MTTF of duplex with repair = (MTTF/2) * MTTF/MTTR 
The intuition here is that:
+ MTTF has been reduced by a factor of 2 (because of 2 replicas)
+ but at the same time, due to repair, MTTF has increased by a factor equal to
the MTTF of the remaining 1 

MTTF of triplex with repair = (MTTF/3) * (MTTF/2) / MTTR

# Improved device maintenance
The ideas of fail -fast modules and repairs via retry or spare modules is apply 
to create fault-tolerance devices
==> but they do not mask failures caused by hardware design faults.
Similarly comparison techniques do not apply to software --> which is all design
unless design diversity is applied


# fault-tolerant software
1) Self-checking: i.e defensive programming, sanity checking
	+ if some item does not satisfy the integrity assertion, raise exception
	or try to repair
	+ watchdogs or auditors observes the state, if discover inconsistency,
	raise an exception and either fail-fast the state (erase it) or repair it

2) Comparison: run the same computation, compare result (similar to hw)
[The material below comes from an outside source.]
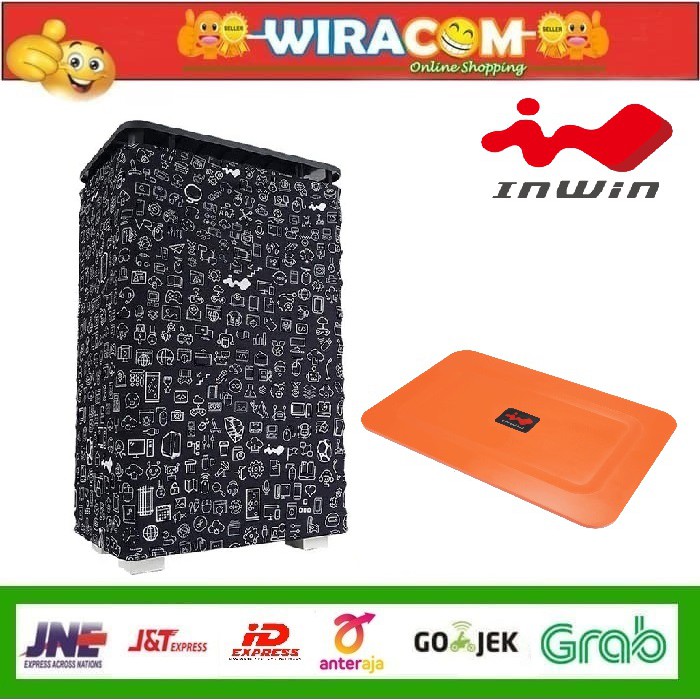 InWin ALICE Totem Cloth - Orange Top - ATX Casing Komputer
3) *Design diversity*: ==> Goal: get designs with independent failure mode
- N-version programming:
	+ same spec, but implemented by different independent groups
	+ pros: provide design diversity
	+ cons: 
		> even independent group can make same mistake
		> common mistake may arise from original spec
		> how to repair is not clear
		> expensive: implementation and maintenance cost raised by a factor of N
		> need to repair to improve MTTF, but repairing a design flaw may takes
		a lot of time, affecting availability
		>  difficult to reintegrate into working system without interrupting 
		service
==> Software repair is not trivial

# Process pairs and transaction
- completely different than software repair
- assumption: most errors caused by design faults in production hardware and
software are transient
	==> can be tolerate by retries
- Best short-term approach for masking software faults is to restart the system

PROCESS PAIRS:
- way to get almost instant restart
- if a process fails, it is unit of replacement
- how it works:
	+ *primary process* performs all operations for its clients
	+ *backup process* passively watch the message flows
	+ primary occasionally send checkpoint message to backup
	+ when primary detect some inconsistency, fail-fast and notifies backup 
	--> backup becomes primary and answering all requests
- Pros:
	+ instant replacement and repair
	+ tolerate transient software failure
	+ tolerate hw fault if backup process run on different hw
- Cons: complex of writing checkpoint and take over logic

Alternative: use TRANSACTION (ACID)
	+ atomicity: either all or nothing
	+ consistency: preserve state invariants
	+ isolation: isolated from other concurrent transactions
	+ durability: once committed, the effect of its operation survive 
	subsequent failure
	
How to Combine transactions with process pairs:
1) Designer declares a process pair's state to be *persistent*
2) When primary fails
 	+ all transactions in the primary are aborted
	+ reconstruct the backup-process state as it stood at the start of the 
	in-progress transactions
	+ back-up process then reprocesses the transactions

# How about operation, maintenance and environment fault
==> System pair: 
- 2 nearly identical systems are place far apart.
- on different power grids
- at sites on different earthquake faults, different weather systems
- maintenance personnel and operators are different
- each system carries half load
- when one fails, the other take over

Pros:
- mask many hardware failures
- mask maintenance fault
- either system can be repaired, moved, replaced without affecting each other
- easy to upgrade, reorganize one system at a time
- mask environmental fault